Unable to view Vertex AI pipeline node logs

982 Views Asked by At

I created a Vertex AI pipeline to perform a simple ML flow of creating a dataset, training a model on it and then predicting on the test set. There is a python function based component (train-logistic-model) where I train the model. However, in the component I specify an invalid package and hence the step in the pipeline fails. I know this because when I corrected the package name the step worked fine. However, for the failed pipeline I am unable to see any logs. When I click on the "VIEW JOB" under "Execution Info" on the pipeline Runtime Graph (pic attached) it takes me to the "CUSTOM JOB" page which the pipeline ran. There is a message:

Custom job failed with error message: The replica workerpool0-0 exited with a non-zero status of 1 ...

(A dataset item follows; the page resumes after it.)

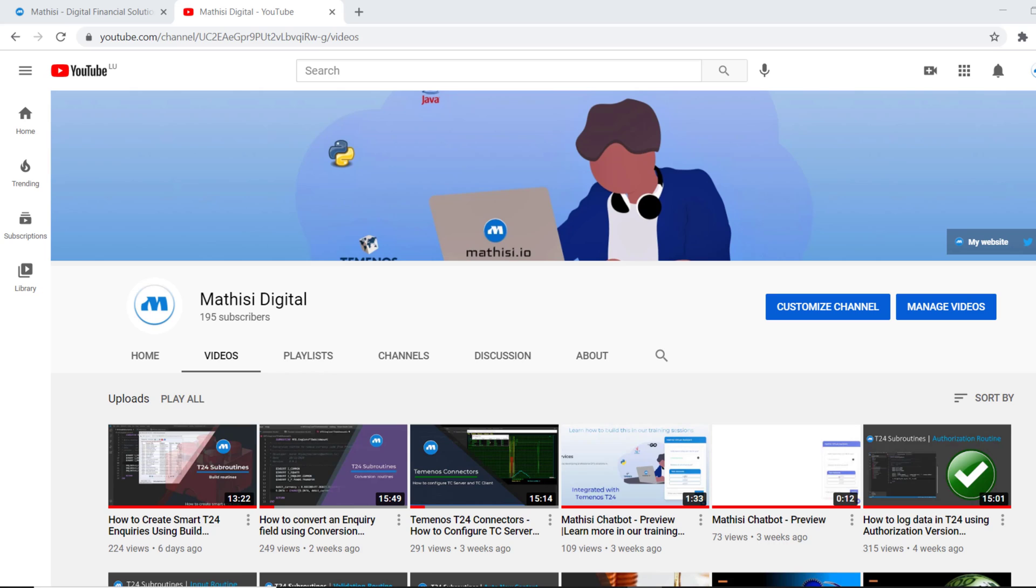Why? Because you can find tutorials on other programming languages like Python, Java, on the internet. But there are very few tutorials on T24 and T24 programming.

When I click the VIEW LOGS button, it takes me to the Logs Explorer where there are NO logs. Why are there no logs? Do I need to enable logging somewhere in the pipeline for this? Or could it be a permission issue (it does not mention anything about it though, just this message on the Logs Explorer and 0 logs below it.

Showing logs for time specified in query. To view more results update your query

enter image description here

2

There are 2 best solutions below

0
Avinash Gunda On

Find the pipeline job id in the component logs and paste it in the below code

from google.cloud import aiplatform

from collections import namedtuple

import json

import time

def get_status_helper(client):

response = client.get_hyperparameter_tuning_job(
        name=training_job.metadata["resource_name"])

job_status = str(response.state)

return job_status

api_endpoint = f"{location}-aiplatform.googleapis.com"

client_options = {"api_endpoint": api_endpoint}

client = aiplatform.gapic.JobServiceClient(client_options=client_options)

client.get_custom_job(name="projects/{project-id}/locations/{your-location}/customJobs/{pipeline-id}")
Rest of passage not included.